> EXERCISE DETAILS
Begin at the line below that has "Axkid one 3 bilbarnstol" and stop after the line that has "VALO Design Capris". Please restate only those lines, word for word.

-- DATA EXTRACTS follows --

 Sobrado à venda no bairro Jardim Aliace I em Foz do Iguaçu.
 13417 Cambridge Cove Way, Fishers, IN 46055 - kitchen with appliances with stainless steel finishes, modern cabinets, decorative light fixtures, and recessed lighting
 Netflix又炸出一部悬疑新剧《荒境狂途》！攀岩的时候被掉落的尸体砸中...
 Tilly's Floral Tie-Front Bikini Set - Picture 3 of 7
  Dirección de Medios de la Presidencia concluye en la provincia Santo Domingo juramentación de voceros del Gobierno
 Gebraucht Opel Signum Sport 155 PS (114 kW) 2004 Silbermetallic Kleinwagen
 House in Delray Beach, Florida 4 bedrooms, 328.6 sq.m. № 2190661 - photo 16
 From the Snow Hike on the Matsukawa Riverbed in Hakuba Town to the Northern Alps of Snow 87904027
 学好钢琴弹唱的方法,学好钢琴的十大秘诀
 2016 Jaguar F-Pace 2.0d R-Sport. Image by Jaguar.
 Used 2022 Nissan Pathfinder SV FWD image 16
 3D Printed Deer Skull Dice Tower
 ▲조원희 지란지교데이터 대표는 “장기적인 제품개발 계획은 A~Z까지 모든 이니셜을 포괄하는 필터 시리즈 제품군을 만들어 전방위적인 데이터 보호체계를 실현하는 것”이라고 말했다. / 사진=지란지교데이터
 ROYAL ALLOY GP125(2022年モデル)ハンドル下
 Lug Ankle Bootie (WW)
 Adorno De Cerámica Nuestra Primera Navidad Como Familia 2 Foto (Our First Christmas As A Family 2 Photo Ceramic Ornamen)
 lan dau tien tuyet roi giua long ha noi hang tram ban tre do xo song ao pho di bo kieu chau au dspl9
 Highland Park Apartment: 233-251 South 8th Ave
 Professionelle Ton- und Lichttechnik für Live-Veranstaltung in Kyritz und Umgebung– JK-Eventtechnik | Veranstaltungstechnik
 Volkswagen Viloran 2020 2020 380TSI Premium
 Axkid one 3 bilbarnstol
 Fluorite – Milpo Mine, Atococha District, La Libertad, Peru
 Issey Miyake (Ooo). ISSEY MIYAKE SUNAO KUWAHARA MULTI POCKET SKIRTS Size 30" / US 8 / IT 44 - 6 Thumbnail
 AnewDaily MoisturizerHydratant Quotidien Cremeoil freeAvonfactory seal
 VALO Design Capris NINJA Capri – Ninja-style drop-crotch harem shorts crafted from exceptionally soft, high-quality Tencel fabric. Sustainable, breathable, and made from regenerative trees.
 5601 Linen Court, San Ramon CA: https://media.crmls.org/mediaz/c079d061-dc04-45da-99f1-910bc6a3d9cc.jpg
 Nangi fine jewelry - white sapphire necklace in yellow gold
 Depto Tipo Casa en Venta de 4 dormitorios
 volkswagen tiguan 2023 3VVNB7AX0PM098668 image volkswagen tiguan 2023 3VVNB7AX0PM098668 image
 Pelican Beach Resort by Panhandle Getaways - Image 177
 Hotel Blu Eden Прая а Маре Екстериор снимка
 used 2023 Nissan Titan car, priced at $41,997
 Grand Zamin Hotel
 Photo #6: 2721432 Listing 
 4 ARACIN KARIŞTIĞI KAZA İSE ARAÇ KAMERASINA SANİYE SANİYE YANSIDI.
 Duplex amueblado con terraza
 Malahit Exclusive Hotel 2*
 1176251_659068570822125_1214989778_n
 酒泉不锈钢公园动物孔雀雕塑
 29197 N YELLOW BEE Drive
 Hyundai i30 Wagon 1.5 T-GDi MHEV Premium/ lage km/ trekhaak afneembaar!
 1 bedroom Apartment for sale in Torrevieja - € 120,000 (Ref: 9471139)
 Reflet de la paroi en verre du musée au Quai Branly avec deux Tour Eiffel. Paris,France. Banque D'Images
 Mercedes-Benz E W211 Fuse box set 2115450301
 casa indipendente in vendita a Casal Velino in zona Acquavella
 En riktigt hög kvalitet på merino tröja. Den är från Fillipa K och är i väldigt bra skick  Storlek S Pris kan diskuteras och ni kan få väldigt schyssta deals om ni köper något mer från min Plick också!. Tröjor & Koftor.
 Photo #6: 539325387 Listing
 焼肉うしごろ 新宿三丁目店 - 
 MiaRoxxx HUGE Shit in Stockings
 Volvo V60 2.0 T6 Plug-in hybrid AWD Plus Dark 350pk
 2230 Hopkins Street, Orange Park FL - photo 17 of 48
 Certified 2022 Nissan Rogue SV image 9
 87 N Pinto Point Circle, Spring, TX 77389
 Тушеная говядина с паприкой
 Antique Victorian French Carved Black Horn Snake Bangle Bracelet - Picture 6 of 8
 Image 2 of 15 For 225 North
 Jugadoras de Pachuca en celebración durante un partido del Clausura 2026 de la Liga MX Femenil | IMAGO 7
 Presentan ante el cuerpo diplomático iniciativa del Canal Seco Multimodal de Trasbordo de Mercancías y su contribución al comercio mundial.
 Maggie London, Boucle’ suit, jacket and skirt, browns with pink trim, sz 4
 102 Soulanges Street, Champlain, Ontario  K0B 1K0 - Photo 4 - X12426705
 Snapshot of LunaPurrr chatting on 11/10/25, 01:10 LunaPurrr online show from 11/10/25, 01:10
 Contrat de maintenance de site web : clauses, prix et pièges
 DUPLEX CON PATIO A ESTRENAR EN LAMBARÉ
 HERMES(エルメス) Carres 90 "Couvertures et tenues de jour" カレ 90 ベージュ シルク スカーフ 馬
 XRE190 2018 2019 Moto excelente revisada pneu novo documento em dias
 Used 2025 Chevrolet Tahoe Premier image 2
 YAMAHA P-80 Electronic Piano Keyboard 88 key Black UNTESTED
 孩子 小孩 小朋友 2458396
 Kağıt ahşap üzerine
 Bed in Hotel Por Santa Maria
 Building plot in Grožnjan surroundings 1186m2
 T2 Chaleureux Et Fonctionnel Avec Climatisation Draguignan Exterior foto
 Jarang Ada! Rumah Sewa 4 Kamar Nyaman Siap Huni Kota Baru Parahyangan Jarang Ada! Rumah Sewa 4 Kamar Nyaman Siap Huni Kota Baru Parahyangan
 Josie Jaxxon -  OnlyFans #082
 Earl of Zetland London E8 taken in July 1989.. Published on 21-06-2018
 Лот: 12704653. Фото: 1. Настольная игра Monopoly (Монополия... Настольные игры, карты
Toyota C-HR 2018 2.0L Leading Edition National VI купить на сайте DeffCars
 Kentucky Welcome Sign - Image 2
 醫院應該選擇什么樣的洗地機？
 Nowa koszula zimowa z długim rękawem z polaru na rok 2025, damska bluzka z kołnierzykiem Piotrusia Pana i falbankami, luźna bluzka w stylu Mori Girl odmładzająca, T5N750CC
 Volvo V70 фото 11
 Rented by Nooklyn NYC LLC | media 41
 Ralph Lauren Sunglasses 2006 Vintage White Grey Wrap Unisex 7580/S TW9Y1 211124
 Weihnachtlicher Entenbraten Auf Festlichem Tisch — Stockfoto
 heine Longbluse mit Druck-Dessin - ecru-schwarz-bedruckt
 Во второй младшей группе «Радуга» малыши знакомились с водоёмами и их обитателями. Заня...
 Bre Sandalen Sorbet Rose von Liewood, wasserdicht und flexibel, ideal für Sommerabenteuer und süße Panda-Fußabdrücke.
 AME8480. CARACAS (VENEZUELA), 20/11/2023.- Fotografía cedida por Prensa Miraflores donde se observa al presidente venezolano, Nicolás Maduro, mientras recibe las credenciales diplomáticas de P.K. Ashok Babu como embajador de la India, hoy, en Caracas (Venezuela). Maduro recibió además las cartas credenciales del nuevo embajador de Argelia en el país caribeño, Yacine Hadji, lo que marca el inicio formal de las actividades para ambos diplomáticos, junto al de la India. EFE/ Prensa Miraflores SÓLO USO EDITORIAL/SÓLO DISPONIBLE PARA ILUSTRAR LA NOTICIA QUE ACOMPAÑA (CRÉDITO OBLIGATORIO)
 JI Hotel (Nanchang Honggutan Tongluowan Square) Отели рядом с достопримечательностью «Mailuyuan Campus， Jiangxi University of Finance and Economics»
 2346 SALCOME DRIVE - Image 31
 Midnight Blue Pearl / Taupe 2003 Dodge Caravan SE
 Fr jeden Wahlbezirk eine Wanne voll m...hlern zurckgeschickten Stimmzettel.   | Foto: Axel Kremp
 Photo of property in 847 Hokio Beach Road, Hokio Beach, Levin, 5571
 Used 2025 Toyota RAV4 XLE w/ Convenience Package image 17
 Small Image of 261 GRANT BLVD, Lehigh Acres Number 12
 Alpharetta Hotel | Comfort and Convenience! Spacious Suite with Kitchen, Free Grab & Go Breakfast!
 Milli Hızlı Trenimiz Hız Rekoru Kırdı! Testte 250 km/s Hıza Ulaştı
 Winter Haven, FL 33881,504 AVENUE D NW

-- DATA EXTRACTS concluded --

> REPLY
 Axkid one 3 bilbarnstol
 Fluorite – Milpo Mine, Atococha District, La Libertad, Peru
 Issey Miyake (Ooo). ISSEY MIYAKE SUNAO KUWAHARA MULTI POCKET SKIRTS Size 30" / US 8 / IT 44 - 6 Thumbnail
 AnewDaily MoisturizerHydratant Quotidien Cremeoil freeAvonfactory seal
 VALO Design Capris NINJA Capri – Ninja-style drop-crotch harem shorts crafted from exceptionally soft, high-quality Tencel fabric. Sustainable, breathable, and made from regenerative trees.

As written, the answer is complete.